Beneath the bi-coastal glitz, partying in the Hamptons and shopping on Rodeo, there’s an accessibility to Cooper’s charm. She shares pictures of her middle school awkward phase, all gangly and eyebrowless. She got caught photoshopping and didn’t ignore or deny it, but made an entire episode about the pressure to look good online. She’s goofy on the pod, with no shortage of Jennifer Coolidge impressions and general tomfoolery. It feels like hanging out with a friend who just happened to get rich and famous overnight. You don’t envy her success; you revel in it with her.
I can assume that at 30, I’m on the older end of CHD listeners; like dubstep and crop-tops, it’s filed under “things that make me feel young and thus, alive.” So much of the Alex Cooper persona is a college girl who never ages. She preserves her youth in a cascade of platinum hair, eyelash extensions, and a spray tan, only underscored by a penchant for sweatsuits and Jordan 1s—a sort of off-duty PornHub chic. Cooper eats like garbage and stays impossibly thin with boobs and butt intact. While we’re eating kale salads and shuffling off to Barry’s Bootcamp on Saturday mornings, she is hungover in bed watching reruns of The OC, getting up only to make Spongebob mac & cheese.
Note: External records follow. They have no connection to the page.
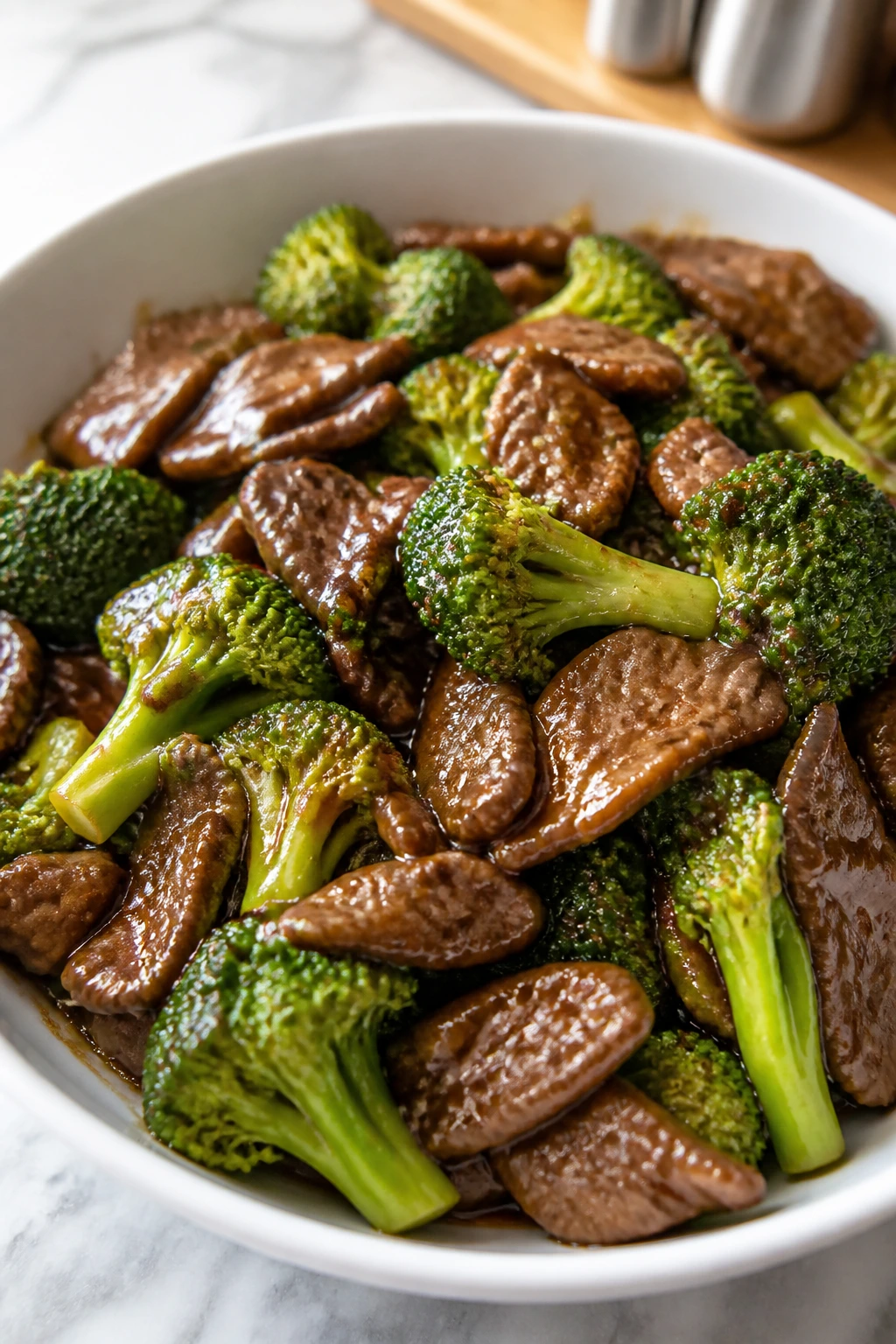 Beef and broccoli close-up in a bowl
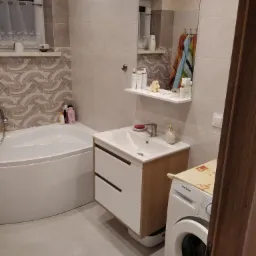 Jasna łazienka z narożną wanną, umywalką z szafką i pralką Samsung, widoczne kosmetyki na półce i ręczniki w lustrze.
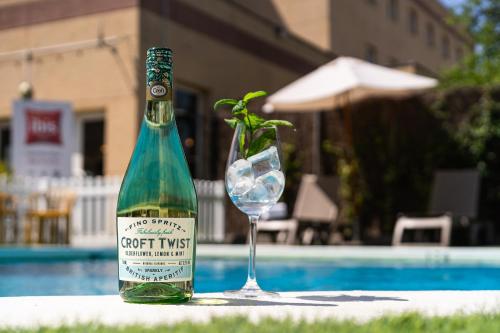 a bottle of wine and a glass next to a pool at Ibis Jerez De La Frontera Cadiz in Jerez de la Frontera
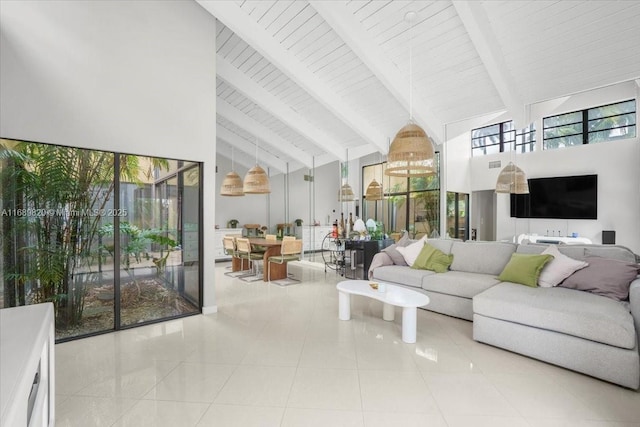 living room with tile patterned floors, beamed ceiling, and high vaulted ceiling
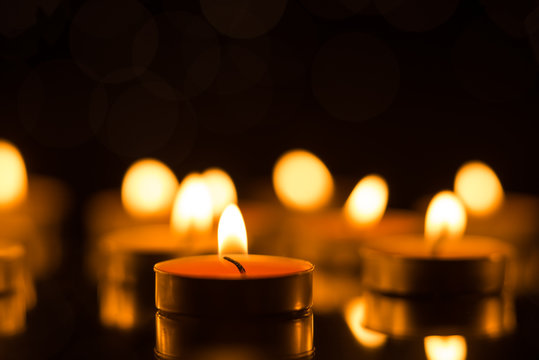 Candles in the dark with reflection and shallow depth of field, with lights in the background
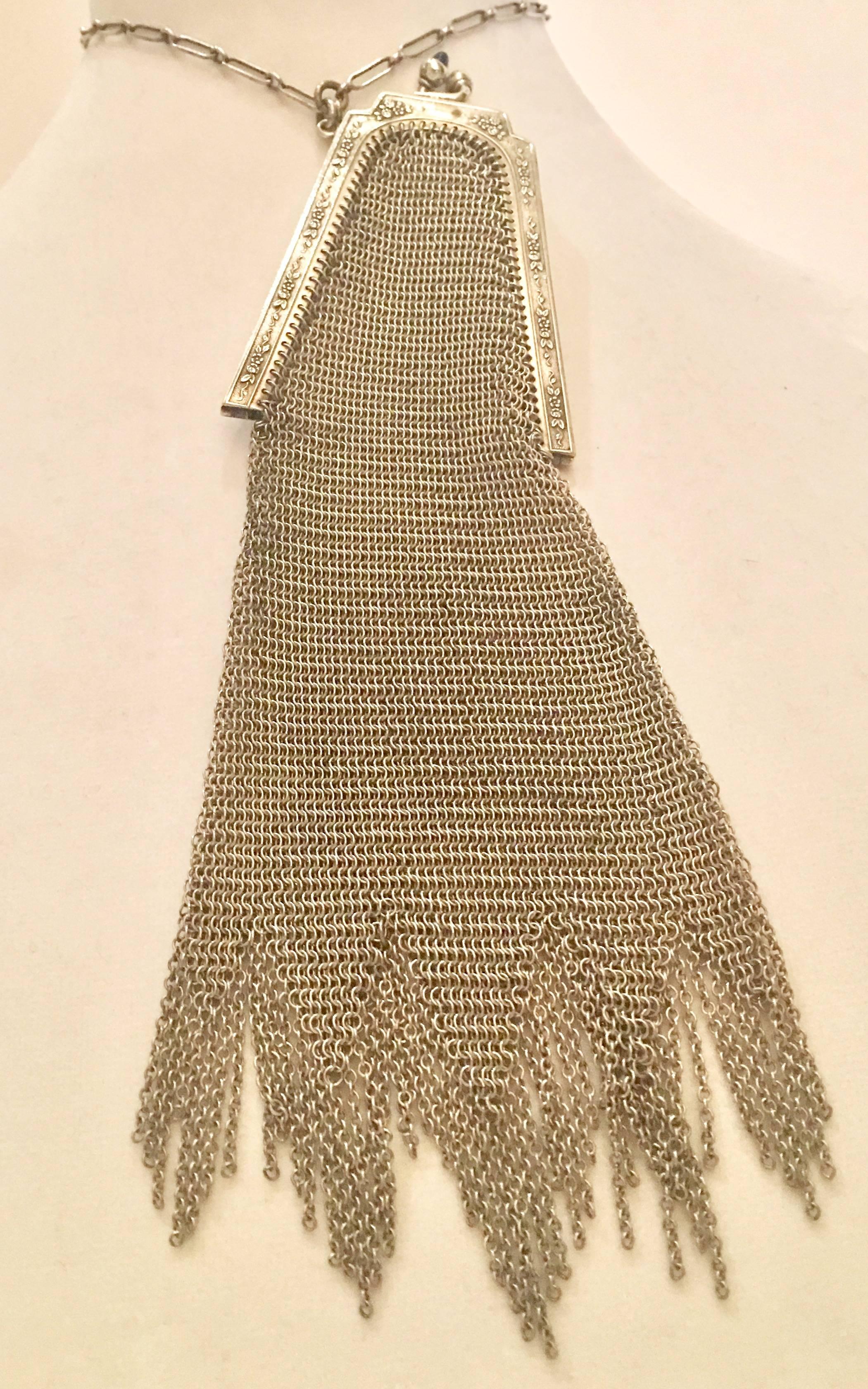 Rare Early 1900'S collectors signed Whiting & Davis Sterling Silver mesh flapper bag wristlet. Incredible delicate and always sturdy this Whiting & Davis flapper handbag features a beautiful Venetian fringe bottom, floral frame scroll work,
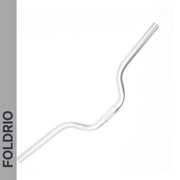 A Brompton M Handlebar – Anodised Aluminium, shown in silver with a gentle rise for upright riding, is placed diagonally on a white background. "FOLDRIO" appears vertically on a grey bar along the left side.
Alex Cooper is the every girl, and she’s living out our pipe dream: getting paid to have fun and look hot without consequence.
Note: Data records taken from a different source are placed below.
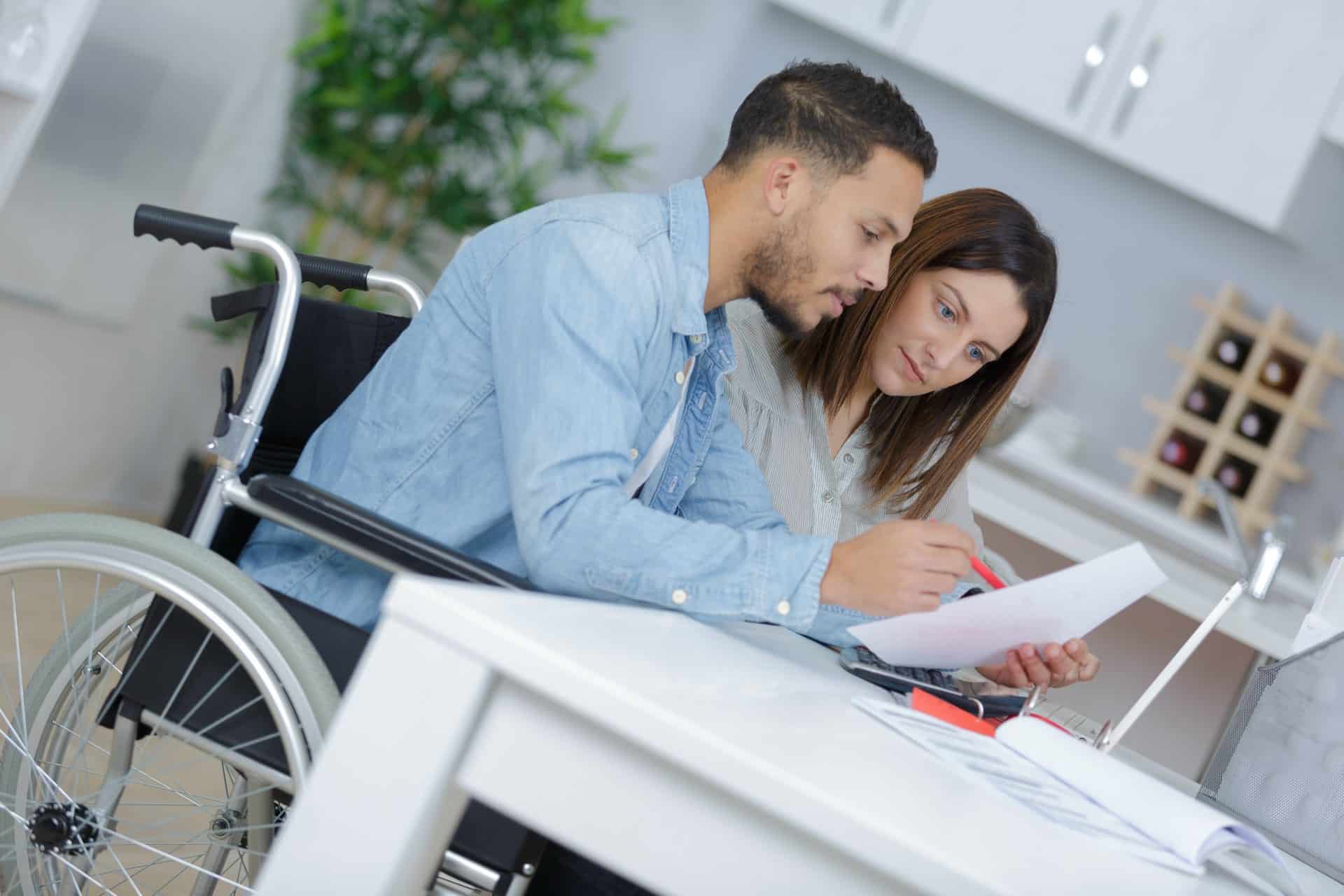One person in a wheelchair sitting next to a woman sitting at a desk filling out paperwork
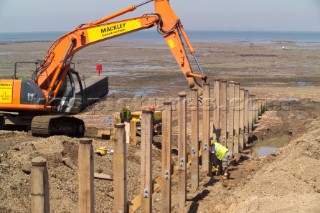 Sea defence building in whitstable kent raising the level of the beach some meters to counter rising sea level and erosion new breakwater being built
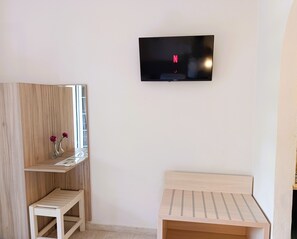 A room with a TV mounted on the wall, a wooden shelf with a mirror and vases, and a small wooden table. - Ever Green (Corfu)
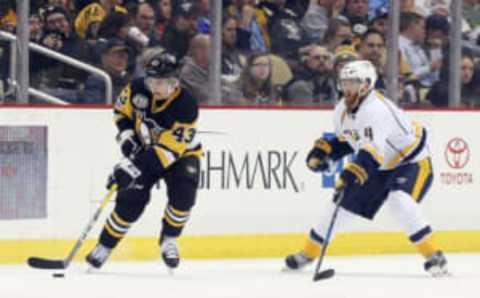 Jan 31, 2017; Pittsburgh, PA, USA; Pittsburgh Penguins left wing Conor Sheary (43) handles the puck against Nashville Predators defenseman Ryan Ellis (4) during the third period at the PPG PAINTS Arena. The Penguins won 4-2. Mandatory Credit: Charles LeClaire-USA TODAY Sports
The success of Call Her Daddy is steeped in privilege. Would we know who Alex Cooper is if she wasn’t white, cisgendered, heterosexual, beautiful, thin, affluent, and a former D1 soccer player who dated a string of professional athletes? (Read that 5x fast.) Would she and Sofia Franklyn have been approached by one of the most popular (albeit sus) media franchises if they didn’t look like frat star prey? As Cooper navigates solo fame, she’s meeting guests who challenge her lived experience, and she’s responding with curiosity and decorum. There’s a refreshing self-awareness in her demeanor; we are watching a young woman grow up on the podcast medium for the first time. It can be frustrating to see another privileged person ushered into a position of power, evolving in the public eye with minimal critique. But maybe it’s that room for growth without fatal scrutiny that helps people evolve in the first place, and encourages them to use their platforms for good.
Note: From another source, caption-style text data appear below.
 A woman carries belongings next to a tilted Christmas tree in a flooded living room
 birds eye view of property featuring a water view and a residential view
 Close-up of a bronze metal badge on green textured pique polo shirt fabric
Perhaps Cooper’s harshest critics are the r/callherdaddy subreddit: a lively crew of 47.4k who dissect the show and the Cooper/Franklyn fall-out. Just 19 minutes ago, u/SockHead1417 posted, “Someone derail this never-ending Alex hate train”—an urgent cry to revive the #daddygang spirit as listeners continue absorbing the aftershock of the hosts’ breakup. Anonymous forum banter will not be the worst she endures in her media career. Gen Z is obsessively connected and merciless: no privilege goes unchecked, no drama goes unexposed. One can imagine it’s geared Cooper to keep her head down and continue on the path of least offense, but in an interview with InStyle, Cooper says she’s “fine playing the villain” if that’s how people interpret knowing what you want and working your ass off to get it.
I still find myself referring to Call Her Daddy as “my bimbo content,” what I unwind to in the tub after a long day. It’s a small injustice to the show’s maturation, but just like Cooper’s learning not to go through her boyfriend’s phone, I’m learning not to put things down to stroke my ego. So, am I daddy gang? That, I’m not ready to admit. But the gluck gluck 9000 isn’t off the table.